Restate every record word for word, without the pictures.

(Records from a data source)
⁂

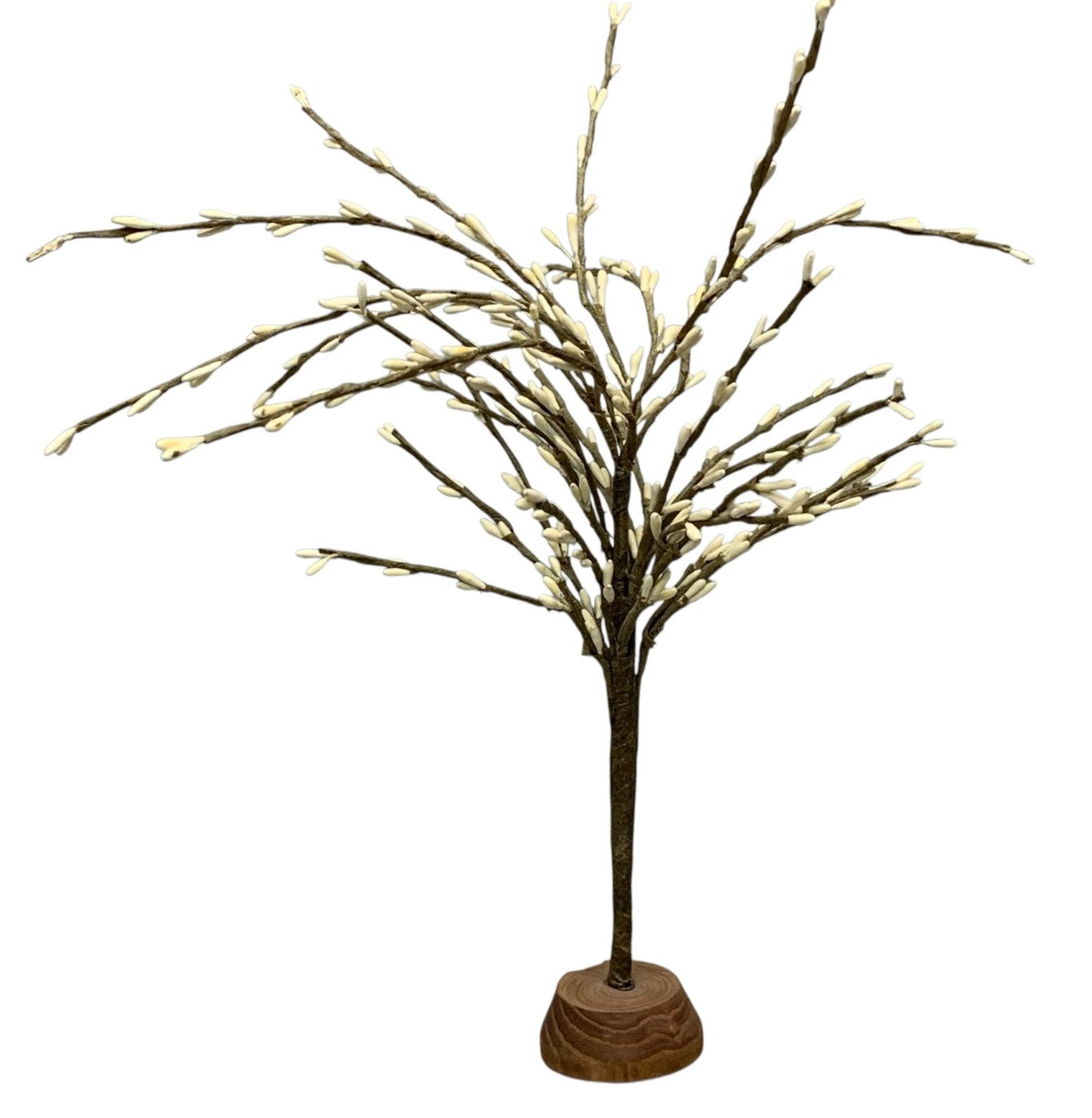 48338 - WILLOW TREE 12-Inch Decorative Pip Berry Tree - Rustic Tabletop Decor |H-3|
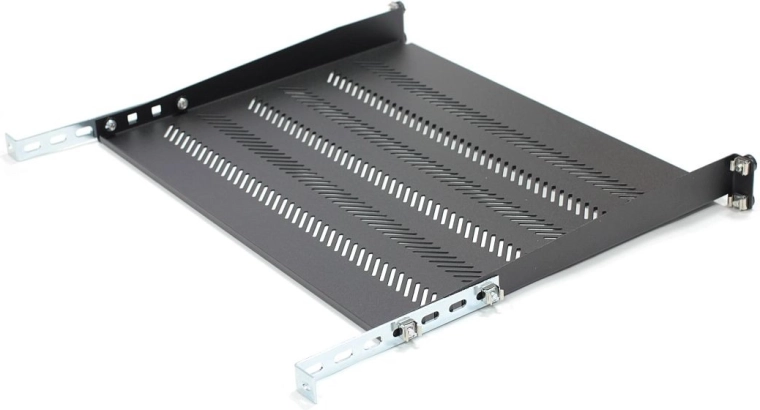 Εύκολη εγκατάσταση σε rack 19"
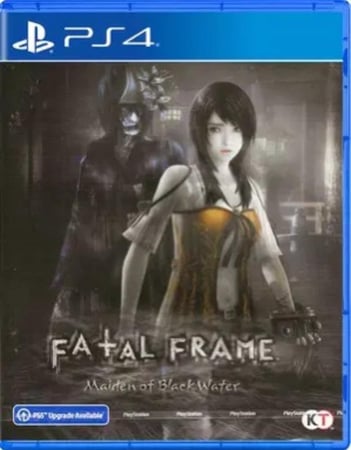 Fatal frame maiden of black water (جديد)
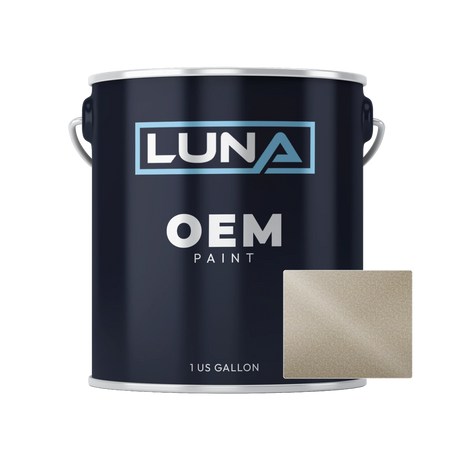 Toyota Beige M. 2 4T8 | Luna OEM Basecoat - Gallon
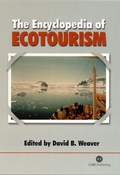 Cover: Encyclopedia of Ecotourism - CABI Publishing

⁂

> [Finished task]
 48338 - WILLOW TREE 12-Inch Decorative Pip Berry Tree - Rustic Tabletop Decor |H-3|
 Εύκολη εγκατάσταση σε rack 19"
 Fatal frame maiden of black water (جديد)
 Toyota Beige M. 2 4T8 | Luna OEM Basecoat - Gallon
 Cover: Encyclopedia of Ecotourism - CABI Publishing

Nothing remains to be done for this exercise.